▼

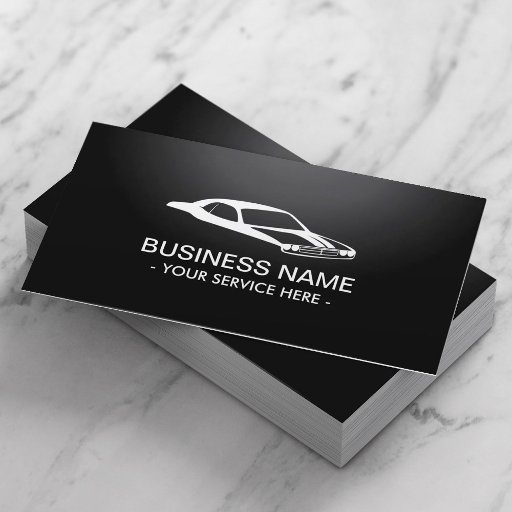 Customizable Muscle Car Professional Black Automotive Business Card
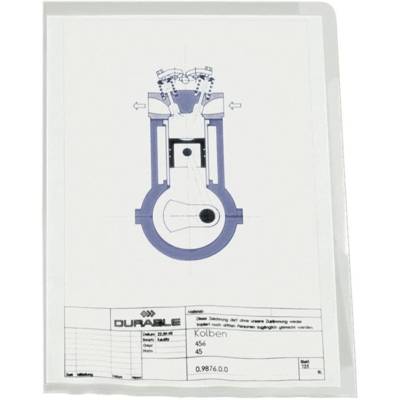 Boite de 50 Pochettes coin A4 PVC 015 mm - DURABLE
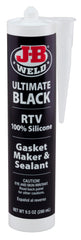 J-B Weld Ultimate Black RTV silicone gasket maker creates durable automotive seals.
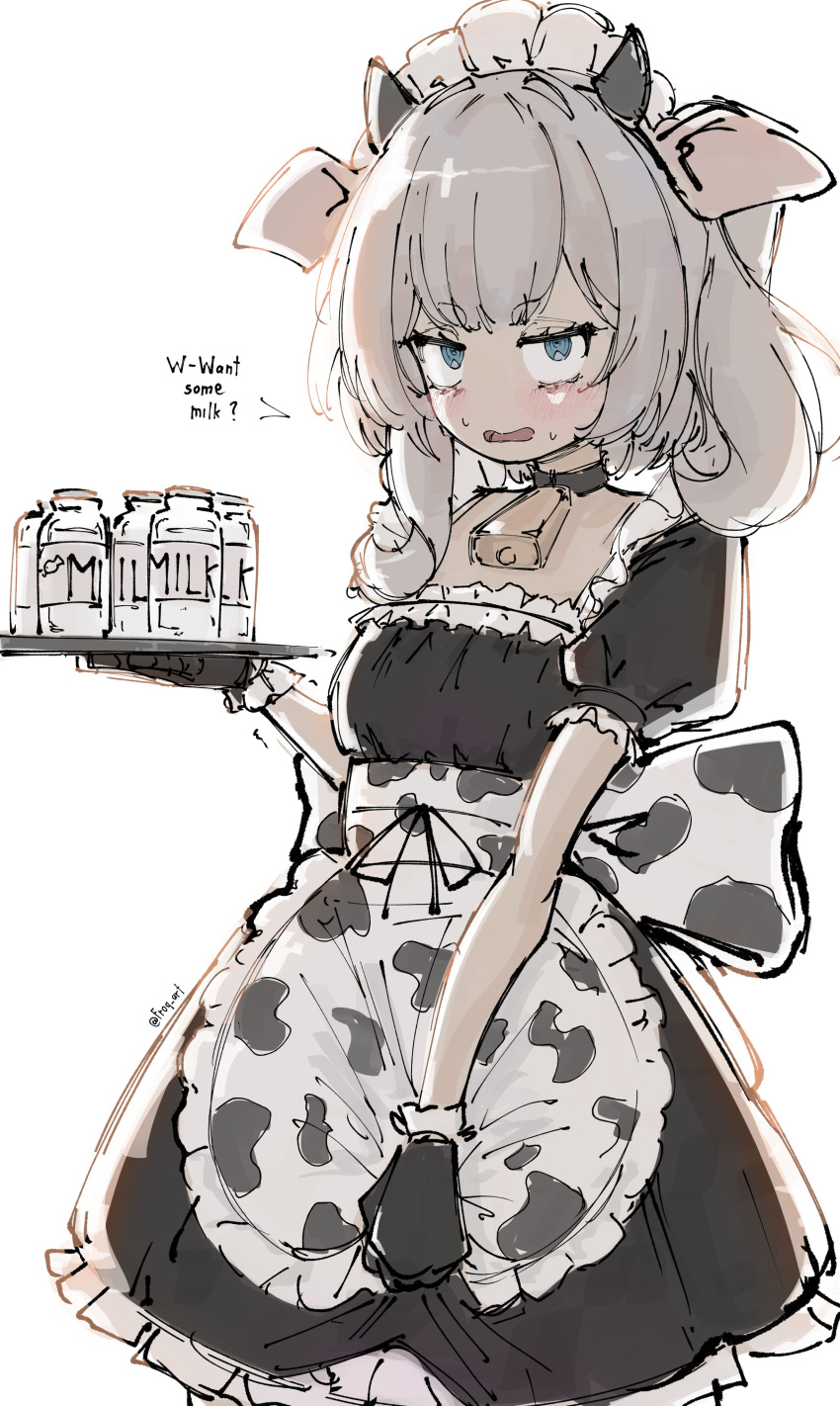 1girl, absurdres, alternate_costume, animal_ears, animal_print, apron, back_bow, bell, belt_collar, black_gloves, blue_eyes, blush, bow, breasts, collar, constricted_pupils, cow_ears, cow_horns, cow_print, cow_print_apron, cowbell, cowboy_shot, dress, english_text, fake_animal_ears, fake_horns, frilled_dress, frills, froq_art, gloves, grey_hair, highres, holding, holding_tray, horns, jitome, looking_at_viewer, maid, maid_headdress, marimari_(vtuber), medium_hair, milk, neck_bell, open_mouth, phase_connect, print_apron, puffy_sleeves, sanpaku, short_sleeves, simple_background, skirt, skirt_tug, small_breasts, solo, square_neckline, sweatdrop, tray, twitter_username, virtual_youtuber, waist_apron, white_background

▲

WHAT TO PRODUCE
Reproduce exactly the lines from the beginning of the material down to the line containing "J-B Weld Ultimate", both ends included, but not the pictures or anything after.

RESPONSE AREA
 Customizable Muscle Car Professional Black Automotive Business Card
 Boite de 50 Pochettes coin A4 PVC 015 mm - DURABLE
 J-B Weld Ultimate Black RTV silicone gasket maker creates durable automotive seals.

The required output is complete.